**What to work on:** Write out, without any change, the lines in the material below that run from the line with "une paire de" through the line with "Blanket drapes vertically, held", both included.

(Recorded data Opens)

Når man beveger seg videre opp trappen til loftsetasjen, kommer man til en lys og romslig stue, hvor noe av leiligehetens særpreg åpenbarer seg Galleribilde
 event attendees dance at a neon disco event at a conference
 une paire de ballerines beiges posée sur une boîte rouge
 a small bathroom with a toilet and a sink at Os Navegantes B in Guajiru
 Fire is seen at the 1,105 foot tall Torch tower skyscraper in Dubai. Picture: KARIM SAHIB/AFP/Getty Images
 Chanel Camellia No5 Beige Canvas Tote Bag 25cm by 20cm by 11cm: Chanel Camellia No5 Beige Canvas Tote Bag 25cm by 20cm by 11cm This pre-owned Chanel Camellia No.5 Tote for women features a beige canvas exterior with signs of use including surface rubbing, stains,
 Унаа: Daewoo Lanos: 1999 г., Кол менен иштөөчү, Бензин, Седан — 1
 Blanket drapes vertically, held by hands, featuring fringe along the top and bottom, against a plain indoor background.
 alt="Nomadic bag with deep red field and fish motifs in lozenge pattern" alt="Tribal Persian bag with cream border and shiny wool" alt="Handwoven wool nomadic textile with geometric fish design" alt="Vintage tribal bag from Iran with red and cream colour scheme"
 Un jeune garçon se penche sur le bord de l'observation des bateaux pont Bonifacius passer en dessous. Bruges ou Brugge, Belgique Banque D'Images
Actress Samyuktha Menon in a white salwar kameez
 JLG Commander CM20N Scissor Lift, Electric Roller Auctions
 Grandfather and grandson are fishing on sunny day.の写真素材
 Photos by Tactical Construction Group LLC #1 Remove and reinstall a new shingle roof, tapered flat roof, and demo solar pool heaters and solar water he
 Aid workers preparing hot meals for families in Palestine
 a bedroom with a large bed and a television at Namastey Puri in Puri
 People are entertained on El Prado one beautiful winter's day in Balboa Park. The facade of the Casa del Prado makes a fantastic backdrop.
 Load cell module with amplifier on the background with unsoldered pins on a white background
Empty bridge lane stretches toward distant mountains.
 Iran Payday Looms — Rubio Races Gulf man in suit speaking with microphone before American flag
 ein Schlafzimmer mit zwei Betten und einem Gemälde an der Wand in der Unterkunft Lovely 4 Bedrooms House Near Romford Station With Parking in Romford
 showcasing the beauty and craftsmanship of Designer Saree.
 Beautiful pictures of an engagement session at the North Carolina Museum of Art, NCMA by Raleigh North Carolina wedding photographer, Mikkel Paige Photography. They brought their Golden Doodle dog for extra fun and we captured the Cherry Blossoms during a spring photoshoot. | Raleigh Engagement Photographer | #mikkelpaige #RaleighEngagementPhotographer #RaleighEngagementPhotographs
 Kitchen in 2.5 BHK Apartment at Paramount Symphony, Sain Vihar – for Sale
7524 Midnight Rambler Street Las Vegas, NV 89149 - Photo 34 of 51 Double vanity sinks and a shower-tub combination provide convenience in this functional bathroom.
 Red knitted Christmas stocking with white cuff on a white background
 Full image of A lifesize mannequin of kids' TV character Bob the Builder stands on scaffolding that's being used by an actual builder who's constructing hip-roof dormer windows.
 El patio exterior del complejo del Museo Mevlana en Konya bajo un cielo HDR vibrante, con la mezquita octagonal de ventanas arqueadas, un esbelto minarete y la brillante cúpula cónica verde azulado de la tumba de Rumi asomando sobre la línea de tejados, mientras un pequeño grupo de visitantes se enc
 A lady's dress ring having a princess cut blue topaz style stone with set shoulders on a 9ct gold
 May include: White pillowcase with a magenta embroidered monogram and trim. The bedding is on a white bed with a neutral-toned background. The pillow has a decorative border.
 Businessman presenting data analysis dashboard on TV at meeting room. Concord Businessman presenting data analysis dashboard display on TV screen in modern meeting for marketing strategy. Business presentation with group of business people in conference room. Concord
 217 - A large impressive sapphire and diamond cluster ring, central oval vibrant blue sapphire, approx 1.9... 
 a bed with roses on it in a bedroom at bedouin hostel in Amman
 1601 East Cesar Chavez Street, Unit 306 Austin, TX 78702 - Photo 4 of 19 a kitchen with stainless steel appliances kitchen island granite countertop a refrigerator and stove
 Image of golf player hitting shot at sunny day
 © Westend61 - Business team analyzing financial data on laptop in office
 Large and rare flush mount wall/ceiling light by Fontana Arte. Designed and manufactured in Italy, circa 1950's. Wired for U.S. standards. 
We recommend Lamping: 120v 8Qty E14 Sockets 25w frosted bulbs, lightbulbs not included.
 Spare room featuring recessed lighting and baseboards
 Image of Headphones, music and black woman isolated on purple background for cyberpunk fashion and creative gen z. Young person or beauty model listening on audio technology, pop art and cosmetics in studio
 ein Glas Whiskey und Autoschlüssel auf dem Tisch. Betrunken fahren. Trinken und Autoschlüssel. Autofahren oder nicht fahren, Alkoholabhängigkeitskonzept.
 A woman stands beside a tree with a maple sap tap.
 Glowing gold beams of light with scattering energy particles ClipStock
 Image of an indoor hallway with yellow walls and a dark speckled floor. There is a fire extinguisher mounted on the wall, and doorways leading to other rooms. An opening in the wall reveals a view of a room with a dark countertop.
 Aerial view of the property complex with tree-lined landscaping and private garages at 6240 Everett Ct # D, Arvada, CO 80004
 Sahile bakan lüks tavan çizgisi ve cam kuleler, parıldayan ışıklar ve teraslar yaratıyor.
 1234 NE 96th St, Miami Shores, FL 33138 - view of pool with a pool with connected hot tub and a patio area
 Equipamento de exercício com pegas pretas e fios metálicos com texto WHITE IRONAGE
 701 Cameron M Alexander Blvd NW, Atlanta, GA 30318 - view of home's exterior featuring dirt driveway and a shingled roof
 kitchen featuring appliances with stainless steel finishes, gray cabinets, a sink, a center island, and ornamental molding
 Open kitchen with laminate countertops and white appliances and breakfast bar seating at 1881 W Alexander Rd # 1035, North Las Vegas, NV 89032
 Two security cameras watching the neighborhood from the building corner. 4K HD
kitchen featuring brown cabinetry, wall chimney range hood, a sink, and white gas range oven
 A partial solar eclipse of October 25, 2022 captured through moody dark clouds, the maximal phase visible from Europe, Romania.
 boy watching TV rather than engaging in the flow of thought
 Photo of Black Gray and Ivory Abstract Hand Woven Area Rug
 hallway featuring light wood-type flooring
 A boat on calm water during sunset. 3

(Recorded data Closes)

**Task result:**
 une paire de ballerines beiges posée sur une boîte rouge
 a small bathroom with a toilet and a sink at Os Navegantes B in Guajiru
 Fire is seen at the 1,105 foot tall Torch tower skyscraper in Dubai. Picture: KARIM SAHIB/AFP/Getty Images
 Chanel Camellia No5 Beige Canvas Tote Bag 25cm by 20cm by 11cm: Chanel Camellia No5 Beige Canvas Tote Bag 25cm by 20cm by 11cm This pre-owned Chanel Camellia No.5 Tote for women features a beige canvas exterior with signs of use including surface rubbing, stains,
 Унаа: Daewoo Lanos: 1999 г., Кол менен иштөөчү, Бензин, Седан — 1
 Blanket drapes vertically, held by hands, featuring fringe along the top and bottom, against a plain indoor background.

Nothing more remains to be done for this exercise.